What to produce:
Write out every record in full, keeping each character exactly as it is.

Segment Start: Data to process

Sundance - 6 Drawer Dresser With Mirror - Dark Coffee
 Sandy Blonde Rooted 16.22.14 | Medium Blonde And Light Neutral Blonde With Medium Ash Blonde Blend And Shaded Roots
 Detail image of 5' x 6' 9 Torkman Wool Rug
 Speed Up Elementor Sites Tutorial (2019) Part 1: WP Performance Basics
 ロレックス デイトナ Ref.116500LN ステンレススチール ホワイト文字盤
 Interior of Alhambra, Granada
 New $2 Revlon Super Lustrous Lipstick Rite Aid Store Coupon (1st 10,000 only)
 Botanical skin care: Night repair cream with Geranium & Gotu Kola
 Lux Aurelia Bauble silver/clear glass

Segment End: Data to process

Task response:
Sundance - 6 Drawer Dresser With Mirror - Dark Coffee
 Sandy Blonde Rooted 16.22.14 | Medium Blonde And Light Neutral Blonde With Medium Ash Blonde Blend And Shaded Roots
 Detail image of 5' x 6' 9 Torkman Wool Rug
 Speed Up Elementor Sites Tutorial (2019) Part 1: WP Performance Basics
 ロレックス デイトナ Ref.116500LN ステンレススチール ホワイト文字盤
 Interior of Alhambra, Granada
 New $2 Revlon Super Lustrous Lipstick Rite Aid Store Coupon (1st 10,000 only)
 Botanical skin care: Night repair cream with Geranium & Gotu Kola
 Lux Aurelia Bauble silver/clear glass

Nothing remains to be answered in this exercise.